I woke up this morning with my shirt on upside down.
You mean inside out.
No, upside down. I ripped the neck hole in the process of getting it around my waist.
My wife says its no good to have oral sex during pregnancy. So i guess pregnancy is like regular life.
people from other dorms came to marvel at the dump i took. i had a bio major take a picture.
My STD test came back clean. I'd like to thank all the guys I've slept with, they made this possible. I want to say thanks to all my friends, for believing in me living up to the full slut potential. And last but not least, I'd like to thank alcohol. I wouldn't be who I am today w/out you. I feel like I need to frame this...
I miss old school porno. There just isn't any love in porn these days.
I found out you can't leave the bar with a drink. I also found out that pouring it on the bouncers shoes is also unacceptable.

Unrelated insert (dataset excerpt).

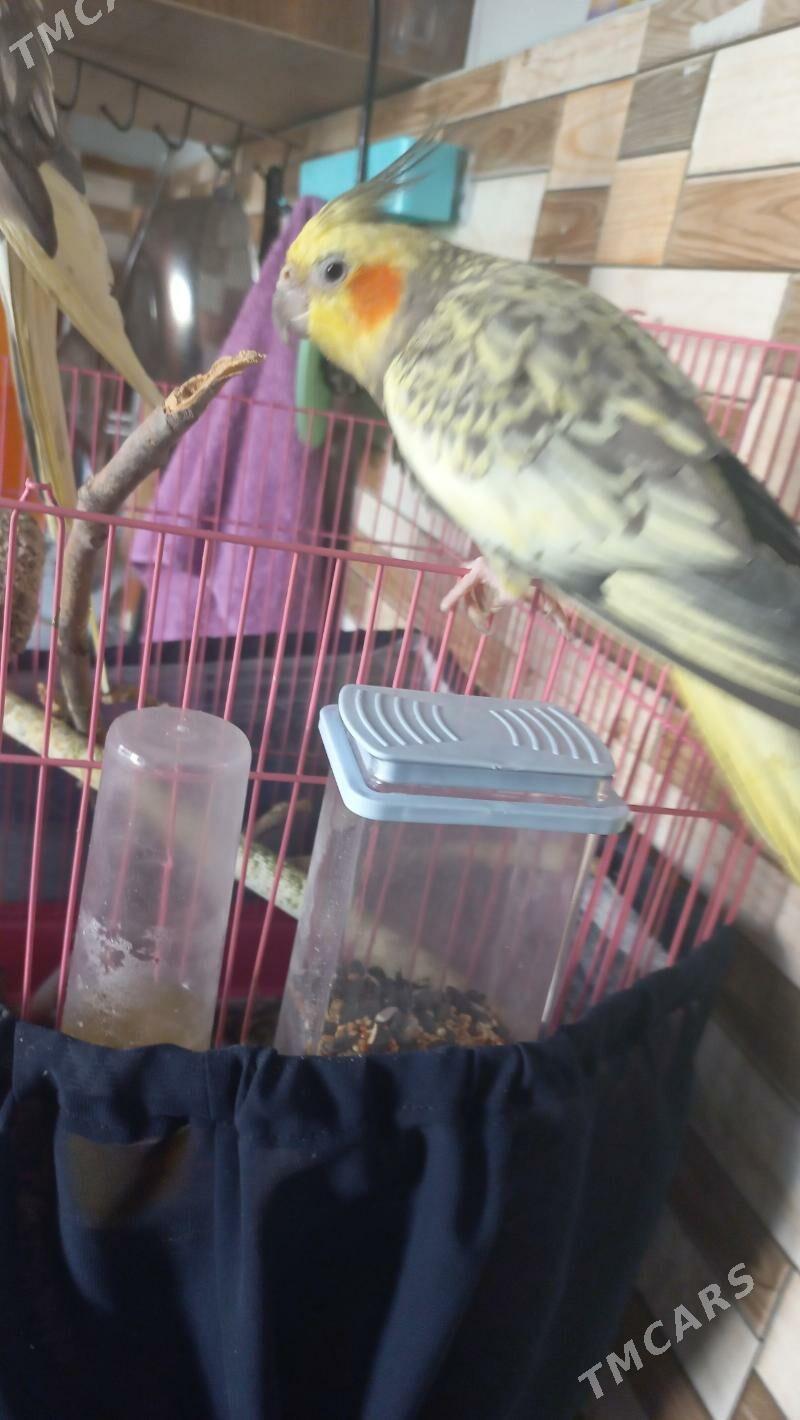 karella - Aşgabat - img 5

I'm sorry for peeing on your door. But it was your decision to open it.
Hurricane Sex Time is the only thing iv said since it started.

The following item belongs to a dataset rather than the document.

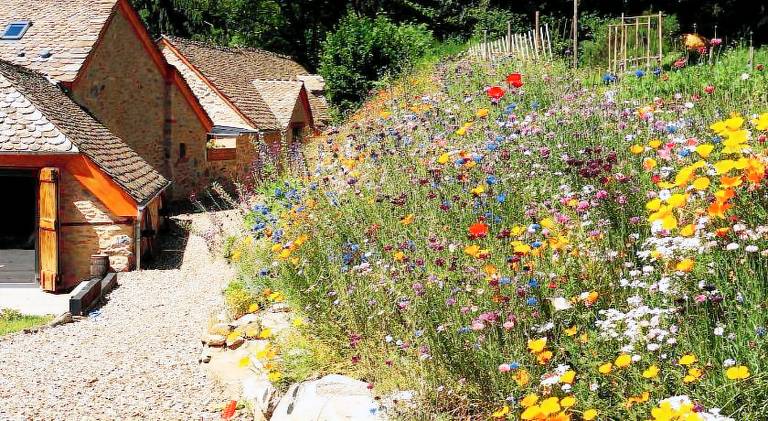Domaine des Marequiers chambre Silene — photo 4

I got pulled into the conversation by "she sleeps with everybody" then "she" involved sleeping with "cocks the size of a viva burrito"
BTW rolling him off the couch and onto that tarp was pure genius. He definitely pissed himself last night.
Note to self; if you can light it on fire, you probs shouldn't drink it
Mom and dad should be so proud half of their children have gotten naked in the same local grocery store
He's actually really cute and seems like a good guy. And given that he likes lots of drugs, he could come in handy.
Somehow I just turned an entire McDonald's bag upside down in my car and not a single fry fell out. The Lord really does work in mysterious ways.
Sometimes you wanna cuddle and sometimes you wanna get blown in the bathroom.